The 1932–33 season was Stoke City's 33rd season in the Football League and the 13th in the Second Division.

After almost gaining promotion last season there was great belief that Stoke would finally make a return to the First Division. And they would do so in impressive style, setting a number of records as they finished in 1st place, a point ahead of Tottenham Hotspur to claim the Second Division title.

Season review

League
After last season's success the main topic amongst the supporters was whether or not their squad of up-and-coming young players was good enough to get Stoke promoted.

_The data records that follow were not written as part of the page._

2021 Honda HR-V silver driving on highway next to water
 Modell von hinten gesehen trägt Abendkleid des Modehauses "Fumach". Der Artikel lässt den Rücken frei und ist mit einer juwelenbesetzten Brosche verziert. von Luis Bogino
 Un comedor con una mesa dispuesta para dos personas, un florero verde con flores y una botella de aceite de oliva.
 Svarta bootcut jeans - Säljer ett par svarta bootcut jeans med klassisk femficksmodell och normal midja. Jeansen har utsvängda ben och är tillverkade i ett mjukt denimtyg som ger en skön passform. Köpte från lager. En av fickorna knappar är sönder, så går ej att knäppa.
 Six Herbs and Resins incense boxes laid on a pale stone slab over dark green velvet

Mather did not sign anyone during the summer claiming he was happy with his squad and confident that promotion could be gained.

Stoke started the 1932–33 season brilliantly winning 13 from their first 18 matches, with Joe Johnson, Joe Mawson, Bobby Liddle and Stanley Matthews in fine form. No wins in December allowed Tottenham Hotspur to close the gap at the top of the table and they would be destined to be running partners for the rest of the season. Mawson suffered injury towards the end of the season which would ruin his career and Mather brought in Reading forward Jack Palethorpe to fill the gap and he did well scoring eight goals in ten matches.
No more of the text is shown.